ACTIVITY: Below is a listing; repeat exactly the lines from the one containing "offers norm rather" to the one containing "3 – Comparison", both included.

RECORDS FOR THIS EXERCISE:
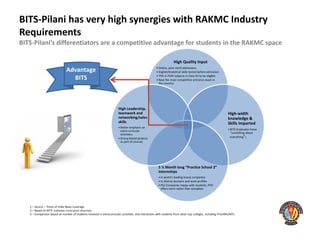 BITS-Pilani has very high synergies with RAKMC Industry
Requirements
BITS-Pilani’s differentiators are a competitive advantage for students in the RAKMC space

                                                                                                                     High Quality Input
                                                                                                       • Online, pure merit admissions
                               Advantage                                                               • English/Analytical skills tested before admission
                                                                                                       • 75% in PCM subjects in Class XII to be eligible
                                 BITS                                                                  • Now the most competitive entrance exam in
                                                                                                         the country1




                                                                         High Leadership,
                                                                         teamwork and                                                                          High-width
                                                                         networking/sales                                                                      knowledge &
                                                                         skills                                                                                Skills Imparted
                                                                         • Better emphasis on
                                                                                                                                                               • BITS Graduates know
                                                                           extra-curricular
                                                                                                                                                                 “something about
                                                                           activities3
                                                                         • Group-based projects                                                                  everything”2
                                                                           as part of courses




                                                                                                        5 ½ Month long “Practice School 2”
                                                                                                        Internships
                                                                                                        • In world’s leading brand companies
                                                                                                        • In diverse domains and work profiles
                                                                                                        • PS2 Companies happy with students, PPO
                                                                                                          offers norm rather than exception




   1 – Source – Times of India News Coverage
   2 – Based on BITS’ common curriculum structure
   3 – Comparison based on number of students involved in extracurricular activities, and interaction with students from other top colleges, including IITs/IIMs/NITs
 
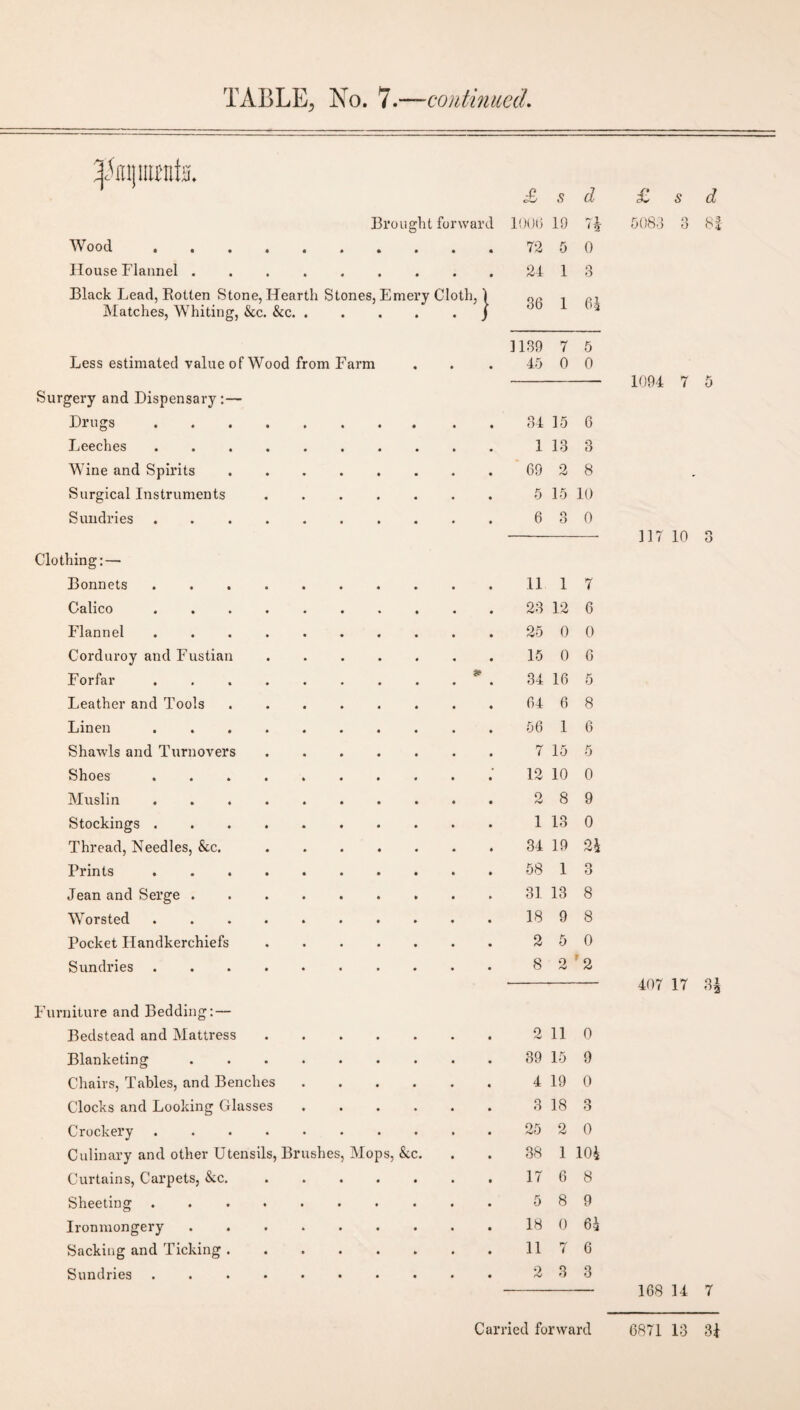 4) Hi) mints. d £ s Brought forward 1006 19 Wood. • 4 • 4 4 72 5 0 House Flannel .... « • • 4 4 24 1 3 Black Lead, Botten Stone, Hearth Stones, Emery Cloth, 1 Matches, Whiting, &c. &c.j 36 1 61 1139 7 5 Less estimated value of Wood from Farm • 4 4 45 0 0 Surgery and Dispensary:— Drugs . 34 15 6 Leeches ..... 1 13 O O Wine and Spirits • ♦ • • 4 69 2 8 Surgical Instruments • • 4 • 4 5 15 10 Sundries ..... 6 O O 0 Clothing:— Bonnets. 11 1 7 Calico ..... 23 12 6 Flannel ..... 25 0 0 Corduroy and Fustian 15 0 6 Forfar ..... 34 16 5 Leather and Tools 64 6 8 Linen ..... 56 1 6 Shawls and Turnovers 7 15 5 Shoes. 12 10 0 Muslin ..... O 8 9 Stockings. 1 13 0 Thread, Needles, &c. 34 19 24 Prints. 58 1 O O Jean and Serge .... 31 13 8 Worsted ..... 18 9 8 Pocket Handkerchiefs 2 5 0 Sundries. 8 2 ’2 Furniture and Bedding: — Bedstead and Mattress • • 2 11 0 Blanketing .... • • 39 15 9 Chairs, Tables, and Benches • • 4 19 0 Clocks and Looking Glasses • • 3 18 3 Crockery. • • 25 2 0 Culinary and other Utensils, Brushes, Mops, &c. 38 1 104 Curtains, Carpets, &c. • 17 6 8 Sheeting. . 5 8 9 Ironmongery .... • 18 0 64 Sacking and Ticking . • 11 7 6 Sundries ..... • 2 3 3 £ s d 5083 3 81 1094 7 5 117 10 3 407 17 3£ 168 14 7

REPLY TO THE EXERCISE:
                                                                                                          offers norm rather than exception




   1 – Source – Times of India News Coverage
   2 – Based on BITS’ common curriculum structure
   3 – Comparison based on number of students involved in extracurricular activities, and interaction with students from other top colleges, including IITs/IIMs/NITs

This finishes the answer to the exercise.